Here's a few assumptions that we make because of the LAM/MPI environment:
- LAM/MPI is completely user-level. All processes belong to the user -- nothing runs as
root. That is, each user has their own set of lamd's and user MPI programs.
- LAM/MPI currently cannot "overlap" universes except in batch systems. By "overlap", I mean have multiple, different LAM universes of the same user on the same machine. i.e., while a user can run as many MPI programs as they want in a single LAM/MPI universe (and even have them share the same machines safely without interfering with each other), you cannot have multiple LAM/MPI universes on the same machine without a special exception. It will be trivial to make LAM be able to overlap universes in a Condor environment, but I felt that I should mention this.
The "checkpointing sockets" problem
So the Condor project has a library that can checkpoint a running program and start it up again at a later point. It can even migrate it to a different machine. That is, it serializes the entire image of the process (stacks, heap, program, data, etc., etc.) and dumps it into a file (or socket, apparently). The astute reader will recognize that things like open files will present a problem in this scheme -- particularly in the case of migration. i.e., if a process has an open file and it migrates to a new node, what happens with read() and write() calls in the process to that open file on the new node?
The answer is that the library leaves a "proxy" agent (I think their terminology for it is a "shadow process") back on the original node. So read() and write() calls on the new node are proxied back to the original node where the real operation takes place, and the result is piped back to the new node where the program is running.
This is all fine and good for most system calls -- i.e., intercept all system calls, shuttle them back to the proxy agent, and then pipe the results back -- but it doesn't work for sockets.

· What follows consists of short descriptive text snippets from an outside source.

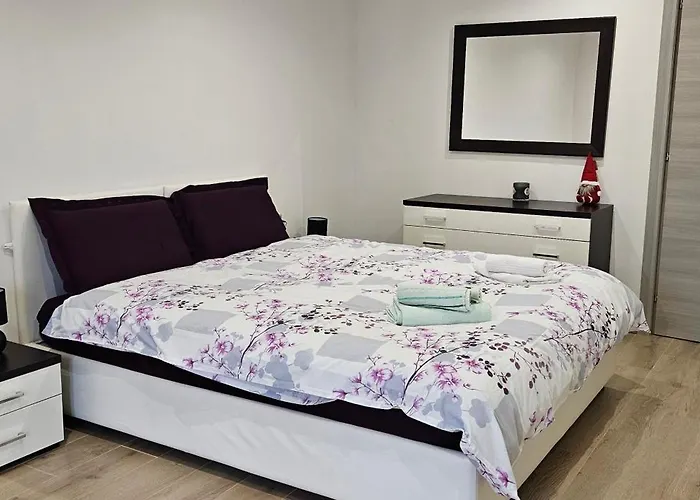 Il Cortiletto 2 Bed and breakfast 3*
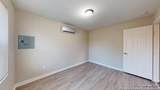 604 New Braunfels - Photo 17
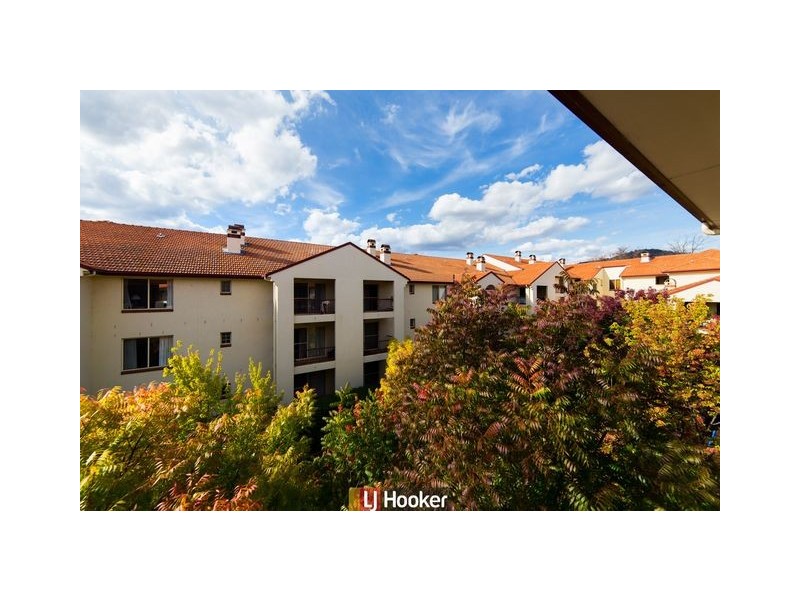 30/38-40 Torrens Street, Braddon ACT 2612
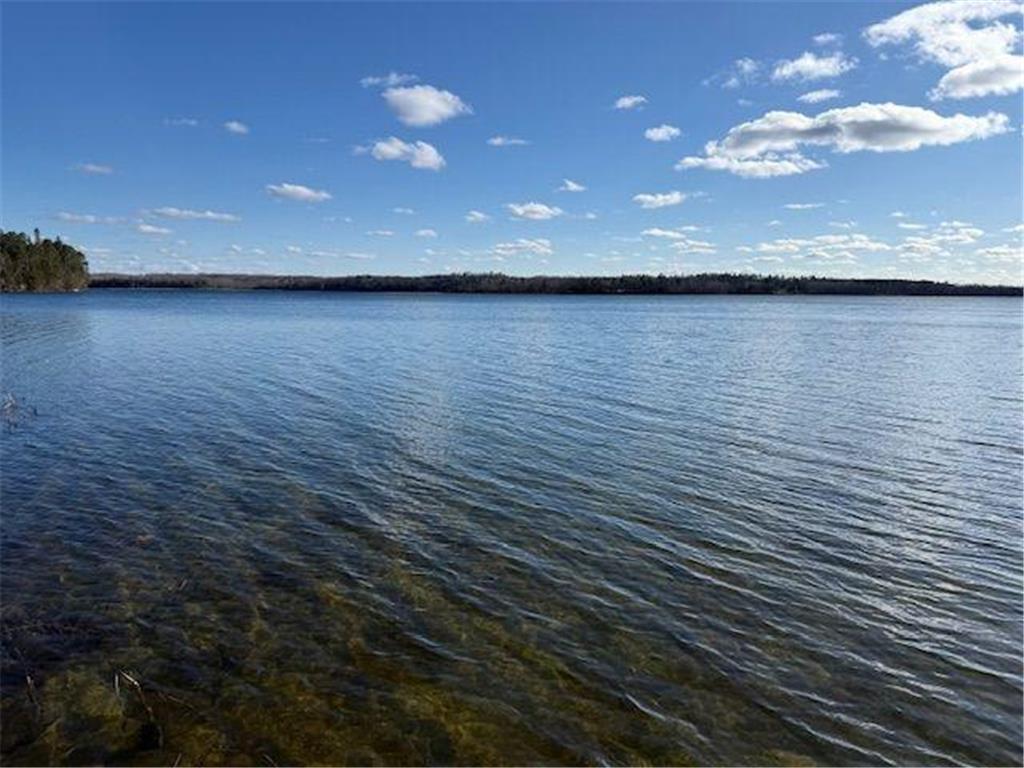 37266 N Courage Dr (Lot 7) Lake George Twp MN 56436 7081887 image5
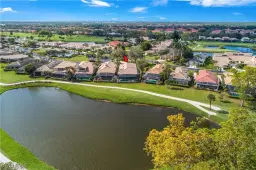 Picture of 10403 Quail Crown Dr, Naples, FL 34119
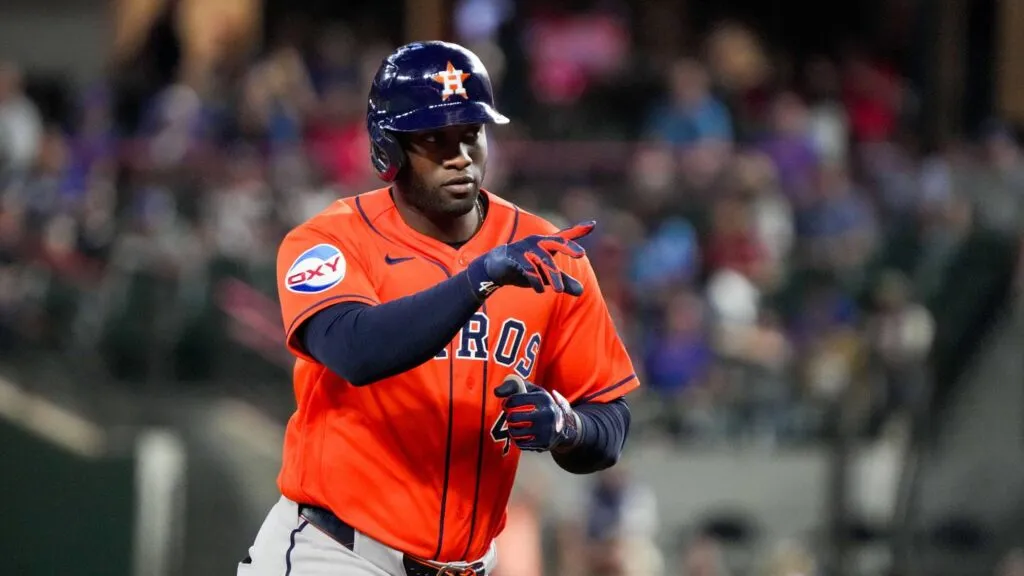 Astros host rangers in may 27 matchup with predictions and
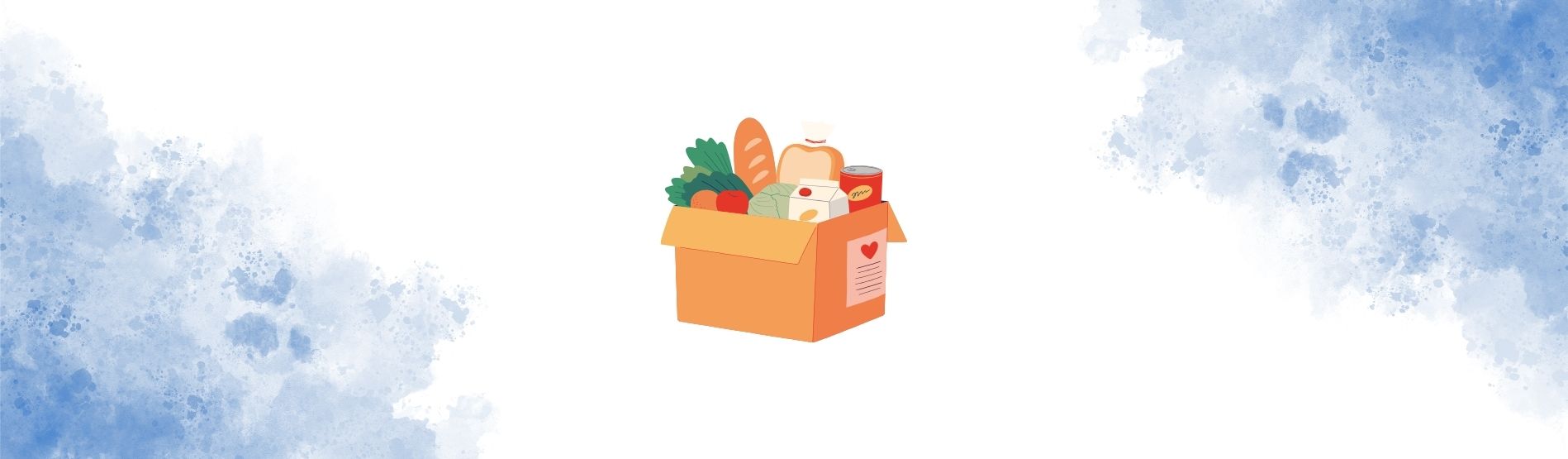 Food initiative image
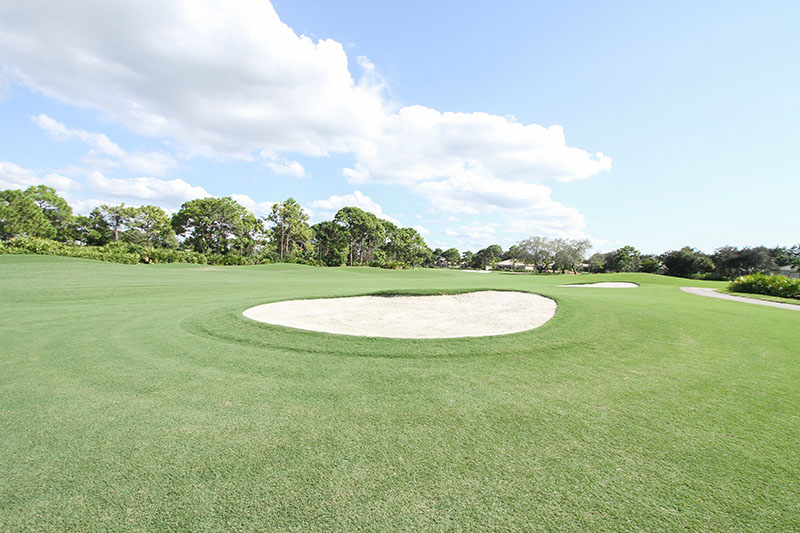 Bonita Springs Home 918728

More to the point, it could work with sockets (at least I think it could), but then performance on the sockets will suck, and that is unfortunately important to us in MPI-land (i.e., latency would rise dramatically, and there could be potential bandwidth issues as well, depending on the proxy implementation). Hence, we have "the socket problem".

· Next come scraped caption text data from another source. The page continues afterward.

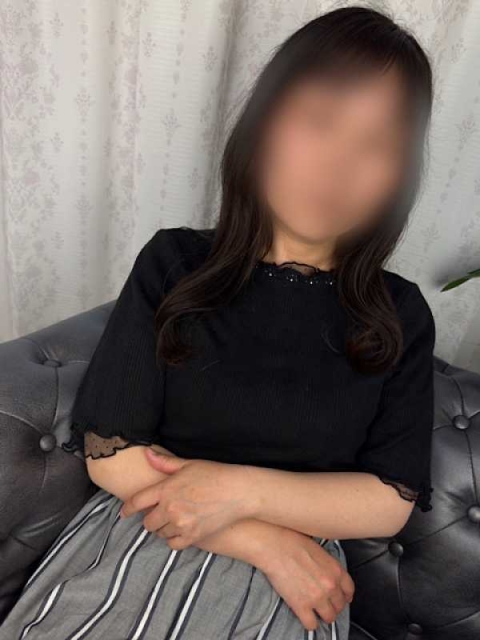 リカコ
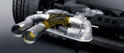 BMW 1 Series Coupe Performance Accessories 12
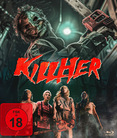 KillHer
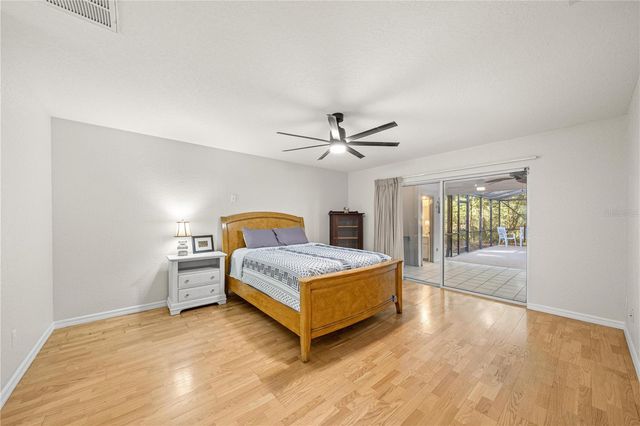 7999 SW 187TH AVENUE, Dunnellon, FL 34432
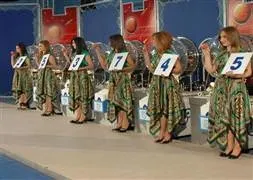 Yılbaşında büyük ikramiye 35 milyon lira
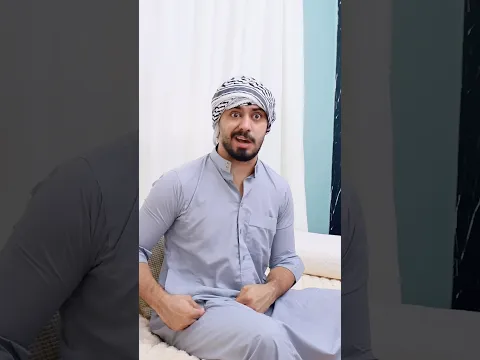نتائج التوجيهي 😂💔🎓Ahmad Mahroom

The solution is to close all sockets before allowing an MPI job to be checkpointed, and then re-establish them after the job has been restarted. Multiple problems arise from this, though. The MPI job will assumedly still know where its sibling ranks were located (and could therefore reestablish sockets to them), but zero or more ranks may have moved -- so trying to establish sockets to the old addresses may not work anymore. LAM needs to become aware of which ranks moved and where they moved to.
This is particularly problematic with LAM's shared memory/TCP scheme. i.e., if rank X migrates, it needs to re-figured out if rank Y is on the same machine or not. Specifically, it needs to re-initialize its entire connection table and either [re]connect its sockets, or [re]setup shared memory to communicate with Y. Even more generally than the TCP/shmem problem, this is definitely going to change the RPI somehow.
There are other issues as well -- how do we start up a LAM job under Condor? LAM currently uses a separate daemon process (the lamd) for a bunch of additional services, such as process control (fork/kill), an out-of-band message channel, and a global database for arbitrary key=value pairs (for MPI-2 MPI_PUBLISH). I guess it also functions as a scope mechanism as well -- providing a "universe" for a single user.
Possibilities
For efficiency reasons, we may only want to only checkpoint/migrate some ranks -- not all of them. Hence, there are two kinds of ranks: a rank that will get checkpointed (and possibly migrated), and a rank that will not. It seems to make sense to notify the entire parallel application (i.e., all ranks) when even one rank is checkpointed with intent to exit (e.g., because it will be migrated). So there's even two types of checkpoints: (a) one to just save the process's state (i.e., checkpoint the entire parallel application just for save/backup purposes), (b) and one to migrate one or more of the ranks to a different node.
We'll discuss (b) first (checkpointing for the purpose of migrating), because it lays the groundwork for (a).
Checkpointing for migration: the checkpointed rank
So it seems that LAM needs to take some actions before it allows itself to be checkpointed, and them immediately after it restores from a checkpoint. So if a LAM job can get some signal when it wants to be checkpointed (possibly via nrecv() from the local unix named socket, which we currently implement with SIGUSR2 so that the MPI process knows to go check the socket), a signal handler can be fired, read the message, realize that it wants to be checkpointed, flush and close down and invalidate all its communication channels (including the local unix socket to the lamd [or lamd-like underlying services] sockets, GM ports, shmem, etc.), and then checkpoint itself. This will require at least one new RPI function so that we can keep the RPI abstraction clean and apply this to all of our RPIs --
close/invalidate procs (with the assumption that no new communication will happen before we re-invoke _rpi_c2c_addprocs() to re-add all the communication channels again).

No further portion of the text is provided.